Departments / sales / competitive-analysis

competitive-analysis

Use when a rep needs a battlecard against a named competitor for a live deal or quarterly enablement. Maps competitor positioning, ICP, pricing, differentiators, weaknesses, win/loss patterns, and public review sentiment into a one-page battlecard.

Department

Sales

Safety

safe
Safe · read-only

Supported stacks

Stack-agnostic — no detection required.

When to use

Trigger this skill when:

Do not use this for market-level category analysis. This skill is adversarial and per-competitor. For a category landscape, use a market research tool.

Inputs

Required:

Optional:

Outputs

A single Markdown battlecard with these sections:

  1. Header — competitor name, category, one-sentence positioning in their words.
  2. Target ICP — who they sell to best.
  3. Pricing — public list prices if available, leaked/anecdotal if not, with source attribution.
  4. Strengths — 3-5 bullets where they genuinely outperform us.
  5. Weaknesses — 3-5 bullets, each backed by a review citation or public incident.
  6. Differentiators (ours vs. theirs) — side-by-side, no puffery.
  7. Objection handling — 3-5 common objections raised in deals against them, with recommended response patterns.
  8. Landmines — questions we can ask in discovery that expose their weakness.
  9. Win/loss patterns — when we tend to win, when we tend to lose.
  10. Proof points — case studies, G2 stats, security certs to cite.

See references/battlecard-template.md for the full template.

Tool dependencies

Procedure

  1. Establish their positioning in their words.

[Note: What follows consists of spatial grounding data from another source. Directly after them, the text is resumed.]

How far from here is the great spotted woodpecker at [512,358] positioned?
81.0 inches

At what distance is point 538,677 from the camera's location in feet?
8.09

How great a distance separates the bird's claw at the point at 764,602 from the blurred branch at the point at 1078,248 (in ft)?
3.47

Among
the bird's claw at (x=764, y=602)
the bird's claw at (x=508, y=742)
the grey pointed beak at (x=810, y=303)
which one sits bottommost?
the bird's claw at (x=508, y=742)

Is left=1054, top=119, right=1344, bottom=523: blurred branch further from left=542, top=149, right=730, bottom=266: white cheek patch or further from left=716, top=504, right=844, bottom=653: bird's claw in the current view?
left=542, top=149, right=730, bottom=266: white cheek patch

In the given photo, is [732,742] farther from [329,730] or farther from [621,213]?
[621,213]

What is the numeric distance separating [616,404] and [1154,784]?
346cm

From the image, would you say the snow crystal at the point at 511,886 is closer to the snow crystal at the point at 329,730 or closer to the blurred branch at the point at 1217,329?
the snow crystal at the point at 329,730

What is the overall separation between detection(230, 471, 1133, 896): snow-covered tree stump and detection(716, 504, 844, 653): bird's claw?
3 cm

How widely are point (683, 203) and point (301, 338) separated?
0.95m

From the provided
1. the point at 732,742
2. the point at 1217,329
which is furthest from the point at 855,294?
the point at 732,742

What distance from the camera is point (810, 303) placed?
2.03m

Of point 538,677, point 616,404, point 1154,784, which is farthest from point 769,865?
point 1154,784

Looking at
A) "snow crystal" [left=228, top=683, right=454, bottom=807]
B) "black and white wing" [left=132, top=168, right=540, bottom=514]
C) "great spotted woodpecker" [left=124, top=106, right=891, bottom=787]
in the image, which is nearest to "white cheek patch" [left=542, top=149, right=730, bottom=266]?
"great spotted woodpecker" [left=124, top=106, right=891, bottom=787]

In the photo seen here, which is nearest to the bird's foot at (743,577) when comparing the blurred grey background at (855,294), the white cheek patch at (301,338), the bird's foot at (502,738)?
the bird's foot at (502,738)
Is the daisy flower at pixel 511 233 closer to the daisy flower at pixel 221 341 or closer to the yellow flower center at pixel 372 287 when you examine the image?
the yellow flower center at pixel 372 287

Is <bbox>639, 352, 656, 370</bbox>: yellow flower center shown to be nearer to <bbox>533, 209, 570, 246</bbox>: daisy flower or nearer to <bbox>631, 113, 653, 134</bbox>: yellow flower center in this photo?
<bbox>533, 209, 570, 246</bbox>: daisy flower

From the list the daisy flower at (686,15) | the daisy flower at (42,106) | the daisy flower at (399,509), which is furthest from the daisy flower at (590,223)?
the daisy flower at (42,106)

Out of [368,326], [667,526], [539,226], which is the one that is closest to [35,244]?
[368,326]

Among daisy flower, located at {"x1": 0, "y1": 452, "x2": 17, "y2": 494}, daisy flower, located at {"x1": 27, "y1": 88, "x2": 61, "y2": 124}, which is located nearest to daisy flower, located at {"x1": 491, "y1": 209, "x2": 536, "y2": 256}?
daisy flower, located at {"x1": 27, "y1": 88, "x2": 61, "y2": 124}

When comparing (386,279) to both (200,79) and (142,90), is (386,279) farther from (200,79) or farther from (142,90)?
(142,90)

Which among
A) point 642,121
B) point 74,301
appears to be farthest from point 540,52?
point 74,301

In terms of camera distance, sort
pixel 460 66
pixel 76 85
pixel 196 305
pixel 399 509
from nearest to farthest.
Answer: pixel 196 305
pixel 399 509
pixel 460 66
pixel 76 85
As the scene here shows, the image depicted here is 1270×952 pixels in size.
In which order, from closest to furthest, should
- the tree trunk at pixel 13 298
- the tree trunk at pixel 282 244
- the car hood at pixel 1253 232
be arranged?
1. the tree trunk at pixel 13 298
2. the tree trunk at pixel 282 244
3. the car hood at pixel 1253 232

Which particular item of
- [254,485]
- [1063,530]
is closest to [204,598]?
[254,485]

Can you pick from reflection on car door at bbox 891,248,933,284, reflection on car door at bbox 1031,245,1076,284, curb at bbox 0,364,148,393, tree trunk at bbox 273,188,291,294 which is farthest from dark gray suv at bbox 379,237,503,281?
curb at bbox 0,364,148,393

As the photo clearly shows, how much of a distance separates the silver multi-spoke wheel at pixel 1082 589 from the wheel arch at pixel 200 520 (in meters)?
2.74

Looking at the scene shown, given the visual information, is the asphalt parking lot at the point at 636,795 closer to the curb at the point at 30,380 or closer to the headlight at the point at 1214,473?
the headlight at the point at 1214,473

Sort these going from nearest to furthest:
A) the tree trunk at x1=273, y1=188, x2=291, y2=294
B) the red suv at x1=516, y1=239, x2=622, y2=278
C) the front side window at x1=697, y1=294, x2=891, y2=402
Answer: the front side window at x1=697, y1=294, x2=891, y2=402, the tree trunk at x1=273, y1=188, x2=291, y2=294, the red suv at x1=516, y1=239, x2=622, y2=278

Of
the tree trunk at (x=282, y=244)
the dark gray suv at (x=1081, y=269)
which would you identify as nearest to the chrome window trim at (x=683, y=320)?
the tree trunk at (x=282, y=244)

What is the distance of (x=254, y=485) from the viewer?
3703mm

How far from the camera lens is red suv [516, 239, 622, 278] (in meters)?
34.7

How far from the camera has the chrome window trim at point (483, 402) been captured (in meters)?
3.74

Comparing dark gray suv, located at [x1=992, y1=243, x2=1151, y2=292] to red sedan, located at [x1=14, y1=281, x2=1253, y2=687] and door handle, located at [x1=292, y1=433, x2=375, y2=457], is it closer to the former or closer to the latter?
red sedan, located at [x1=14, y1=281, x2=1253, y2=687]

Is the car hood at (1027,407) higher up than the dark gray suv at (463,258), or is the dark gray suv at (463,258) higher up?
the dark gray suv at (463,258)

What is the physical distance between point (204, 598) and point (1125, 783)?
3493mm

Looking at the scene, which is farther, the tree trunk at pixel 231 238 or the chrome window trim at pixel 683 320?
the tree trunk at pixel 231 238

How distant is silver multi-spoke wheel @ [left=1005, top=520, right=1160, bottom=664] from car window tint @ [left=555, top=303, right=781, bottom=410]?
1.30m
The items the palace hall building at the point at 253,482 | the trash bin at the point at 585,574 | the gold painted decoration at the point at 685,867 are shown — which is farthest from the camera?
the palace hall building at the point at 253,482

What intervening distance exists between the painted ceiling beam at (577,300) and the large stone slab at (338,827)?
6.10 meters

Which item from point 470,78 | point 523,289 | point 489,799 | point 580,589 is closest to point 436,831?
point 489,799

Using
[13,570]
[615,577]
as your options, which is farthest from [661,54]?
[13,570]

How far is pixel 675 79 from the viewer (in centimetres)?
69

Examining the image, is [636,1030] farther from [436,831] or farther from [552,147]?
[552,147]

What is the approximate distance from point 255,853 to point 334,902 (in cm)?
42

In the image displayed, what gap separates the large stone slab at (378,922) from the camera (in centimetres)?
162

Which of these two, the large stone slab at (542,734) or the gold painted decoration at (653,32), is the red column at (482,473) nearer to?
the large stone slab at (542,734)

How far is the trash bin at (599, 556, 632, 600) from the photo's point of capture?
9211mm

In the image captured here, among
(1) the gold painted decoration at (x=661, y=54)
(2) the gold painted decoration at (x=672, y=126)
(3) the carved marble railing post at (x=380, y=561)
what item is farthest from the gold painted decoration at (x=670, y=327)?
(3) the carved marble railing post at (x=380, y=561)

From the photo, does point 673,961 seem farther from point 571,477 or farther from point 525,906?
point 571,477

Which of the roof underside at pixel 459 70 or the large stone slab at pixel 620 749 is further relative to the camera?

Pull the H1 from the competitor’s homepage and their “About” / “Why us” copy. Do not paraphrase — the battlecard should tell us what they tell the market.
  2. Identify their ICP. Logos on their site, case studies, industries pages. Note both who they feature and who they don’t. If every case study is >1000 employees, they don’t sell to SMB even if their site says they do.
  3. Find pricing.
    • Public pricing page: record list prices and tier structure.
    • If gated: search for “[competitor] pricing” on Reddit, community forums, Glassdoor sales-rep reviews. Note source quality.
    • Note contract terms: annual only? 3-year required? Auto-renew clauses?
  4. Scrape G2 and Capterra reviews. Pull the 10 most recent reviews and the 10 lowest-starred reviews. Extract common themes. Quantify: “4 of last 10 reviews mention slow support.”
  5. Scan recent news. Layoffs, leadership departures, outages, lawsuits, acquisitions, funding — all affect the narrative.
  6. Identify 3-5 genuine strengths. Be honest. A battlecard that pretends the competitor has no strengths is worthless in a real deal.
  7. Identify 3-5 weaknesses with evidence. Each weakness needs a citation: review quote, incident report, missing feature page.
  8. Write objection handling. For each top objection (“they’re cheaper”, “they integrate with X”, “they have more logos”), write a short response that acknowledges, reframes, and redirects. No dismissive responses.
  9. Build landmines. These are discovery questions the prospect can ask the competitor that will expose a weakness without us having to attack directly. Example: “What’s your median time to first value?” lands differently depending on the competitor.
  10. Document win/loss patterns. When did we win? When did we lose? If no internal data is available, mark as “anecdotal.”

Examples

Example 1 — Battlecard vs. Gong (for a conversation intelligence company)

Output excerpt:

Positioning (their words): “The Revenue Intelligence Platform.”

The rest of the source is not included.